Introduction
It is one of the government’s roles to address poverty and inequality in the country. However, the question arises as to whether any help can improve the situation or the methods vary in their efficiency. In this speech, I would like to address the issue of financial support for the poor and outline a healthier alternative that would work in the best interest of the government.
What Kind of Help is in the Best Interest for the Government?
The idea that giving money to the poor is counterproductive still seems controversial at best and cruel at worst. However, there is ample scientific evidence that shows that poverty impedes a variety of cognitive functions, which may prevent a person to put social benefits to good use. For instance, like Carvalho, Meier, and Wang (2016) report, being poor decreases cognitive capacity: the respondents showed low performance in completing spatial and problem-solving tasks.
Moreover, as stated in a study by Brito and Noble (2014) and Blair and Raver (2016), poverty counteracts creativity. Together with impaired long-term planning abilities, as proven by Crooks and Evans (2014), this combination may lead to adverse outcomes. This is especially true given that poverty is associated with the lack of self-control, meaning that those eligible for social benefits might as well waste their money (Bernheim, Ray, & Yeltekin, 2015). All these objective facts point to the necessity of helping the poor by educating them and improving their employment situation (Atkinson & Bourguignon, 2014).
Conclusion
A widening gap between the upper and the lower class may lead to the disappearance of the middle class, which is recognized as the backbone of modern society. Ongoing financial support might seem to be a feasible idea at first, but helping people escape poverty is trickier than it seems. Given the effects of being poor on the human brain, the government might be draining its budget and not amounting to anything significant. Helping the poor can and should be in the government’s interest, but only if it entails transferring skills and promoting literacy.
References
Atkinson, A. B., & Bourguignon, F. (Eds.). (2014). Handbook of the income distribution (Vol. 2). Amsterdam, Netherlands: Elsevier.

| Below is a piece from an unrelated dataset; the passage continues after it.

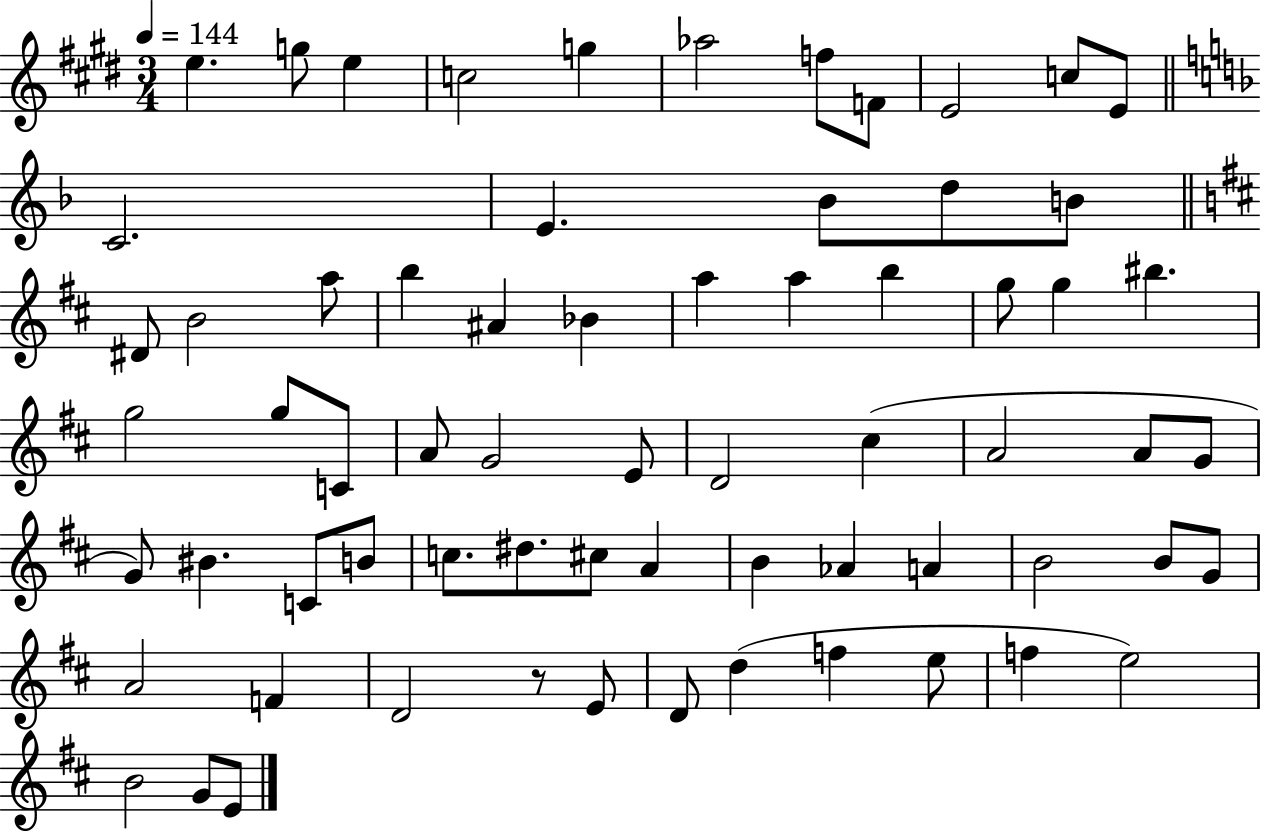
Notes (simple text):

E5/q. G5/e E5/q C5/h G5/q Ab5/h F5/e F4/e E4/h C5/e E4/e C4/h. E4/q. Bb4/e D5/e B4/e D#4/e B4/h A5/e B5/q A#4/q Bb4/q A5/q A5/q B5/q G5/e G5/q BIS5/q. G5/h G5/e C4/e A4/e G4/h E4/e D4/h C#5/q A4/h A4/e G4/e G4/e BIS4/q. C4/e B4/e C5/e. D#5/e. C#5/e A4/q B4/q Ab4/q A4/q B4/h B4/e G4/e A4/h F4/q D4/h R/e E4/e D4/e D5/q F5/q E5/e F5/q E5/h B4/h G4/e E4/e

Bernheim, B. D., Ray, D., & Yeltekin, Ş. (2015). Poverty and self‐control. Econometrica, 83(5), 1877-1911.
Blair, C., & Raver, C. C. (2016). Poverty, stress, and brain development: New directions for prevention and intervention. Academic Pediatrics, 16(3), S30-S36.
Brito, N. H., & Noble, K. G. (2014). Socioeconomic status and structural brain development. Frontiers in Neuroscience, 8, 276.
Carvalho, L. S., Meier, S., & Wang, S. W. (2016). Poverty and economic decision-making: Evidence from changes in financial resources at payday. American Economic Review, 106(2), 260-84.
Crook, S. R., & Evans, G. W. (2014). The role of planning skills in the income–achievement gap. Child Development, 85(2), 405-411.